How often should I leave her alone to properly get her used to this without unnecessary stress / trauma? She has started adding incessant barking to the crying and I want to nip this in the bud so she doesn't have this awful anxiety when I'm gone.

Is there any chance this is also just part of young puppyhood, not necessarily a sign of budding separation anxiety, and she'll grow out of it to a certain extent--given consistent practice?

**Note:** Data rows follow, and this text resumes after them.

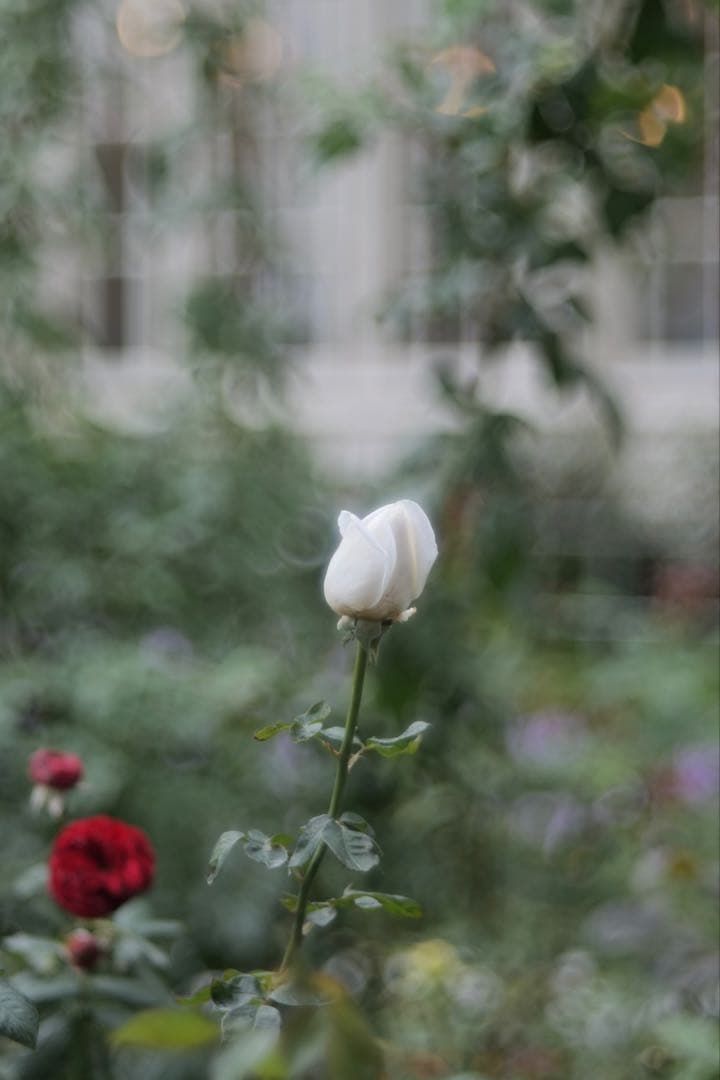 key　Meyer Trioplan N 100mm f2.8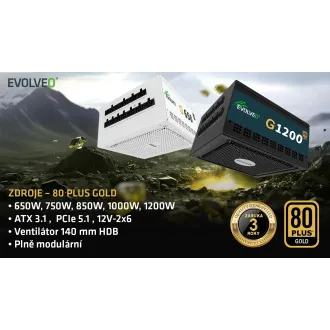 EVOLVEO G750,750W,ATX3.1,14cm,aPFC,80+GOLD,3YRW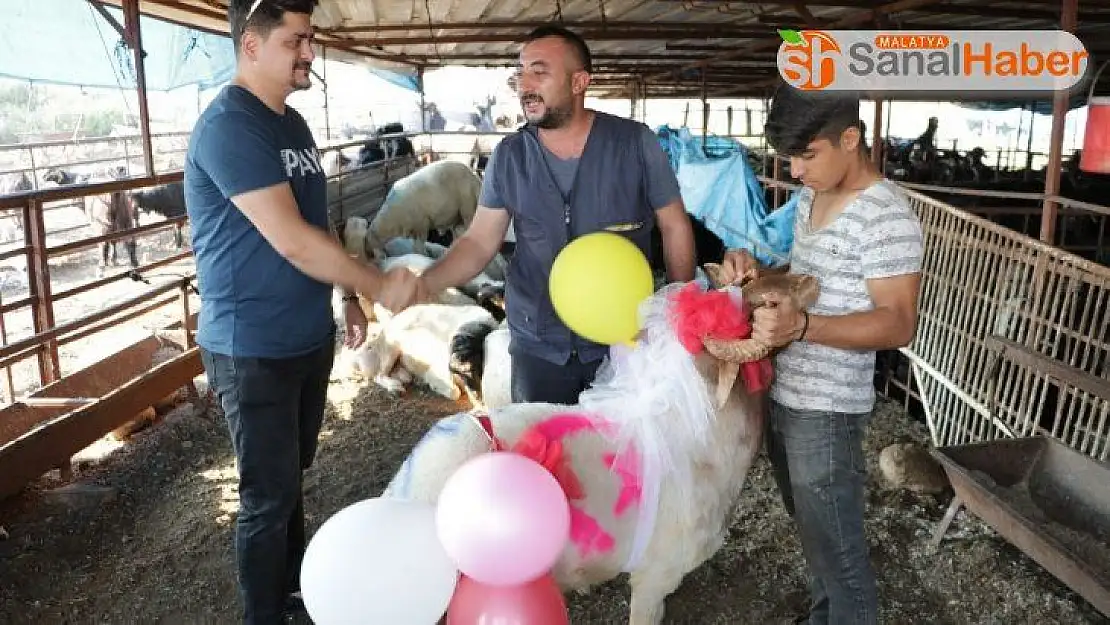 Nişanlıya süslü kurbanlık koç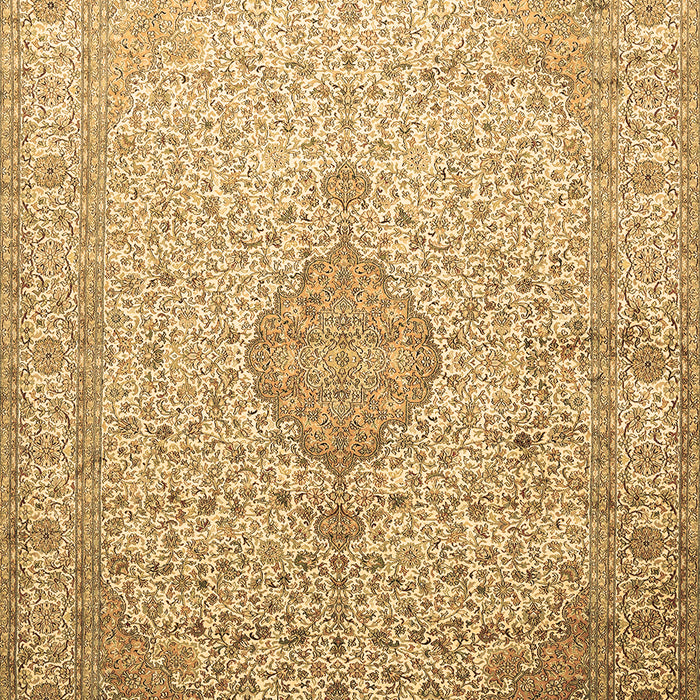 Medallion Brown Traditional Rug, tr369brn
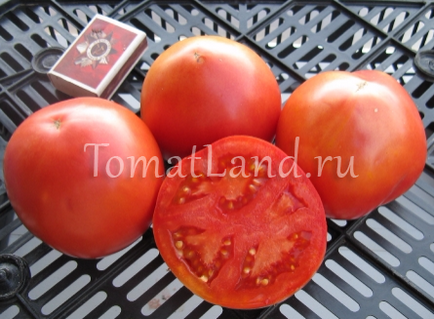 Tomato Pani Yana Recenzii, fotografii, randamente
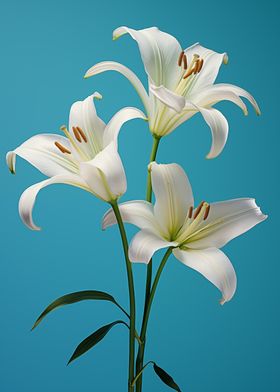 White Lilies on Blue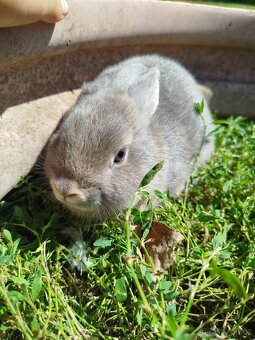 Samička výměnou za samce - 3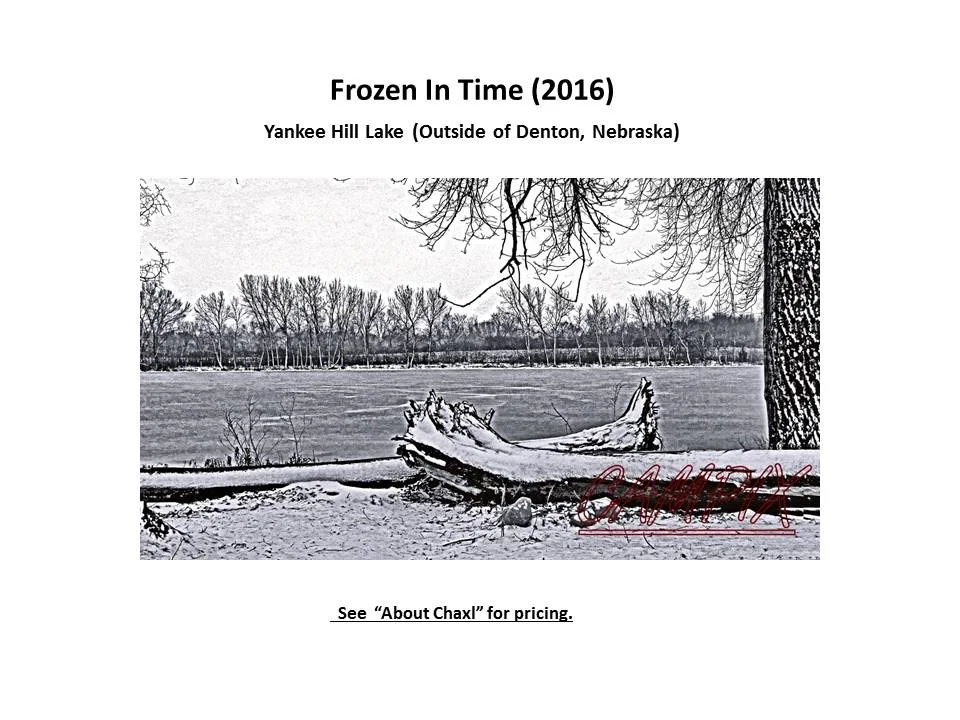 Frozen in Time WM.jpg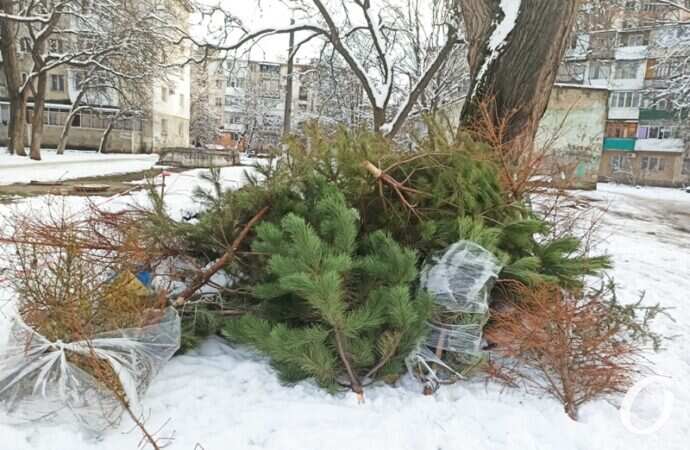 пункты елок, елки в куче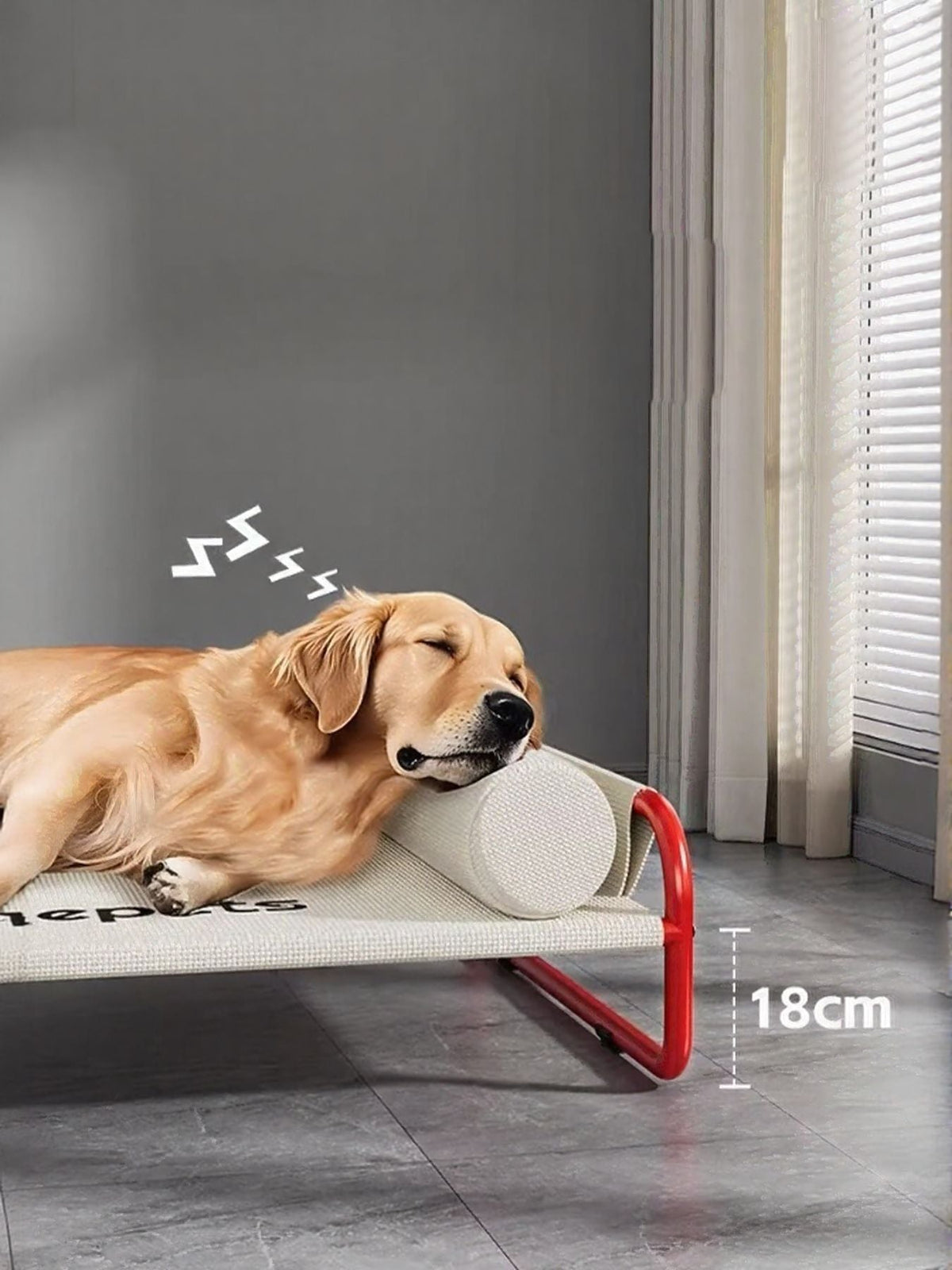 Foldable Pet Bed - Artículos HE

I imagine it's a good idea to limit the foot-sleeping and give her scheduled time away from me in her pen while I'm at home, as well.

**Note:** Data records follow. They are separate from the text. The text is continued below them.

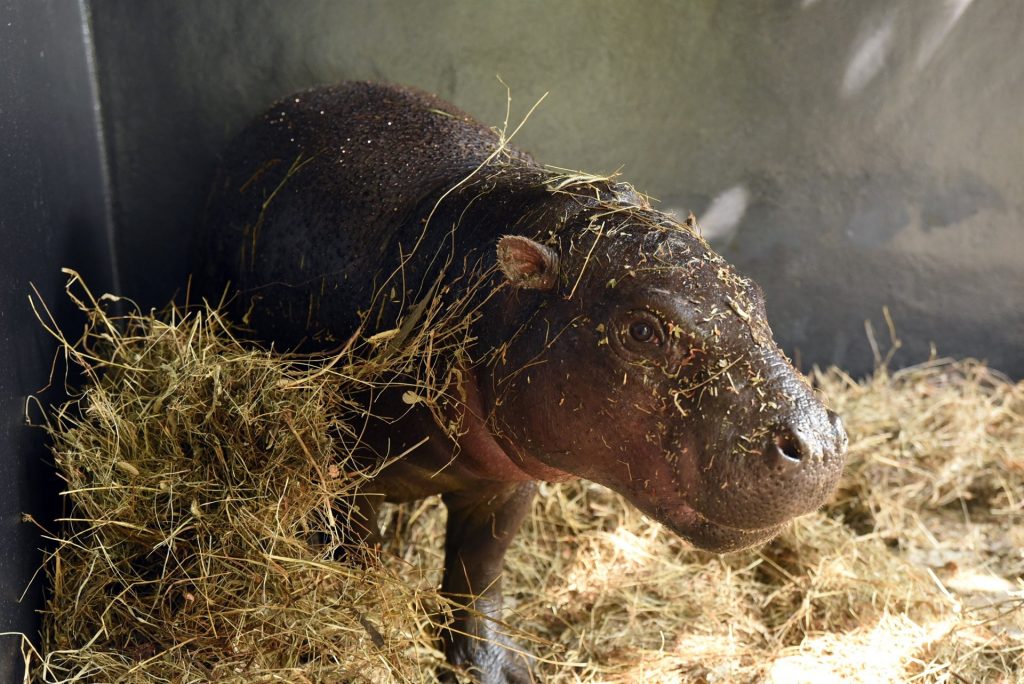 Loro Parque recibe a Adela y Malela, dos Hipopótamos Pigmeos. | EUROPA PRESS
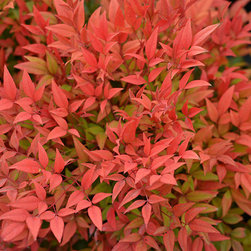 Current Featured Plants - Products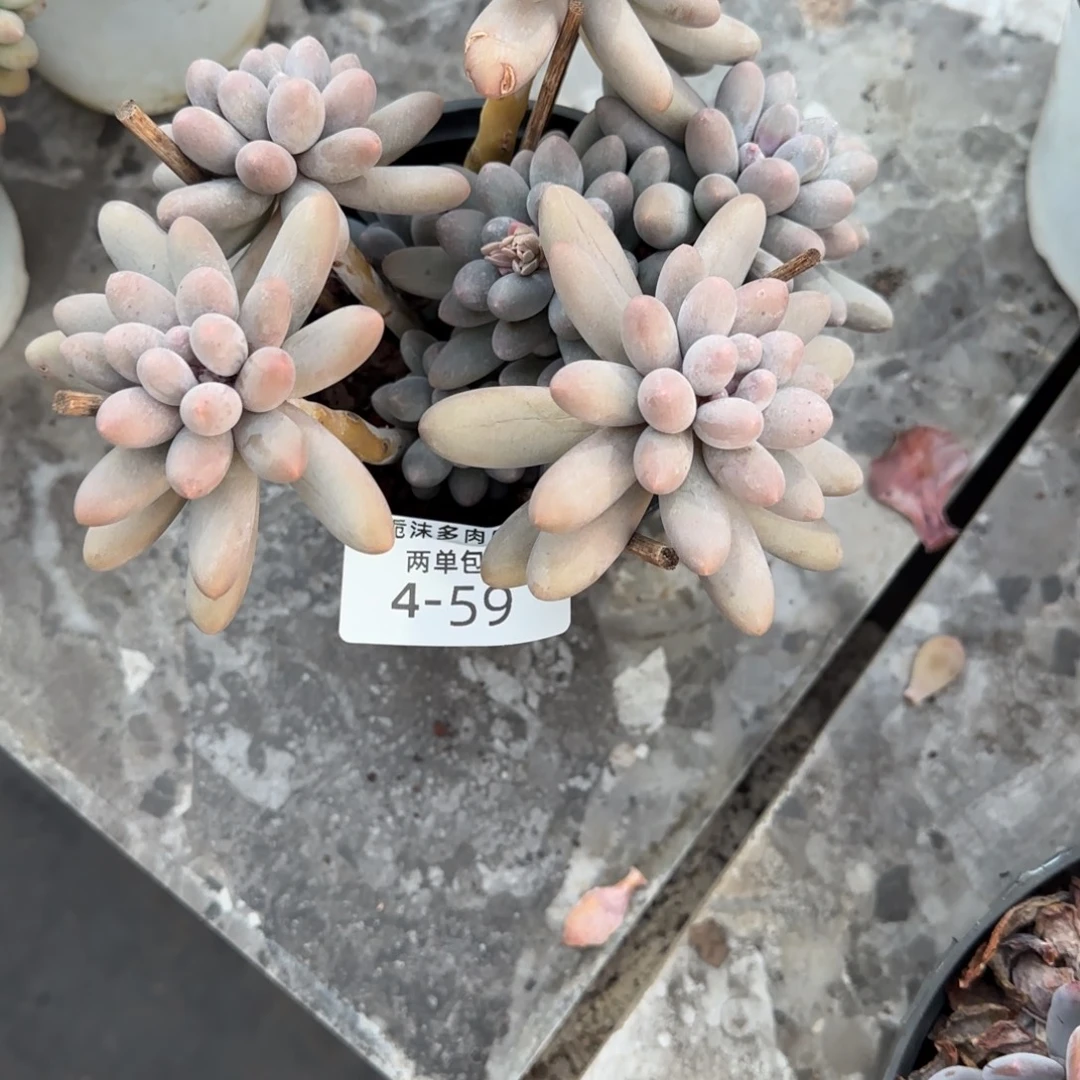 小***幸4-59汤圆多肉植物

Thank you all for reading this and for all the help. Here's a photo from this morning, had to capture the rainbow on her head. I love this amazing dog more and more every day!

Edit: Forgot to include her age, she's 18 weeks today.


----------



## Starla (Nov 5, 2020)

I would lock the door each time.

My dog who had separation anxiety did a million times better when not shut into her crate, though she loved her crate. 🤷‍♀️

A tip: I don’t tell my dogs (or anybody else’s dogs!) hello or goodbye. I don’t want them to worry about me leaving. I also want to be able to walk into my home, wash my hands, go to the bathroom, whatever without tripping on a dog. My comings and goings are non-events. My in-laws think it makes me cold, and I see where they’re coming from, but I don’t think it’s cold at all, just a practicality.

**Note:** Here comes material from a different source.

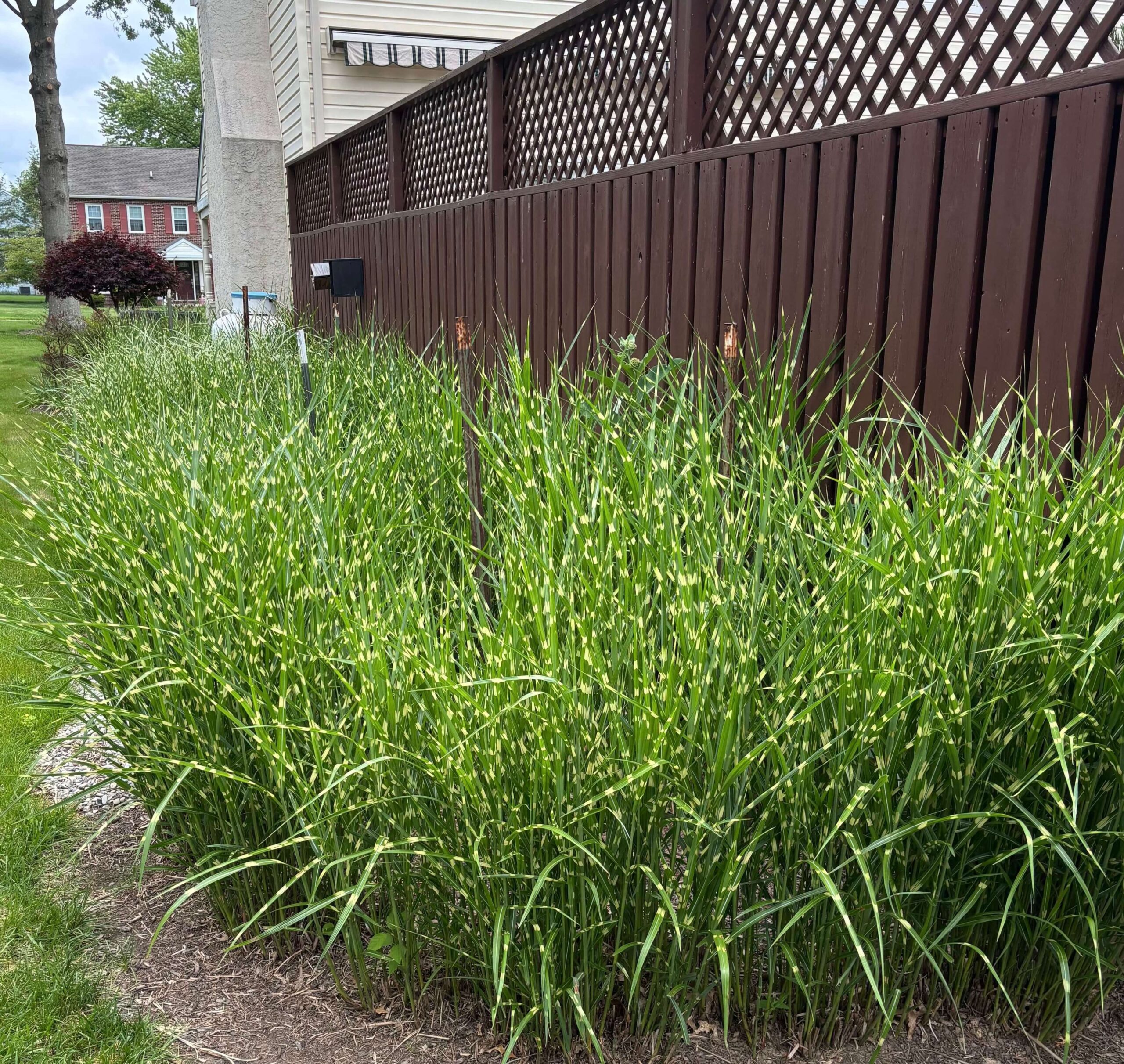 Мискантус китайский "Стриктус"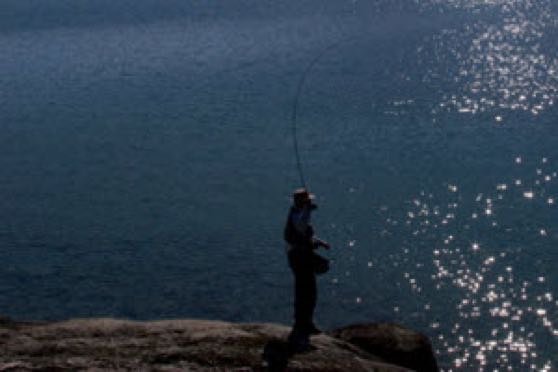 Flyfishing - Sinking Flies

what a lovely rainbow head picture!!


----------



## Rian (Sep 17, 2021)

Starla said:


> I would lock the door each time.
> 
> My dog who had separation anxiety did a million times better when not shut into her crate, though she loved her crate. 🤷‍♀️
> 
> ...


Interesting! Thank you for the tip. I'll test that out and see if a little more freedom helps ease the worry. Earlier she came in from going potty (all by herself, might I add) and missed me standing next to the door. Figured it was a good opportunity to see what she'd do when she couldn't find me, so I ducked behind the couch. She sniffed around for a minute or two then started doing short little whine grunts before she finally figured out where I was. She was really proud of herself when she found me. Thank you again!!


----------



## 94Magna_Tom (Feb 23, 2021)

When he was only 4-5 months old, Elroy would fuss and whine and bark and cry when I put him in his crate. I hired a behaviorist to help get him to tolerate his crate better. He proved to me it had nothing to do with separation anxiety because when he was closed in the kitchen by himself, he was OK with it. He just didn't like the crate. By the end of the 1 hr session (he actually spent 2 hrs, but just charged for 1), Elroy was able to tolerate the crate and still will (if I have to) to this day. He doesn't use it as his happy place, but he does use it if I tell him to go in there.
Does your girl have issues with separation (from you) or from being closed up in a crate? They can be different issues. BTW, What's her name?


----------



## Rian (Sep 17, 2021)

94Magna_Tom said:


> When he was only 4-5 months old, Elroy would fuss and whine and bark and cry when I put him in his crate. I hired a behaviorist to help get him to tolerate his crate better. He proved to me it had nothing to do with separation anxiety because when he was closed in the kitchen by himself, he was OK with it. He just didn't like the crate. By the end of the 1 hr session (he actually spent 2 hrs, but just charged for 1), Elroy was able to tolerate the crate and still will (if I have to) to this day. He doesn't use it as his happy place, but he does use it if I tell him to go in there.
> Does your girl have issues with separation (from you) or from being closed up in a crate? They can be different issues. BTW, What's her name?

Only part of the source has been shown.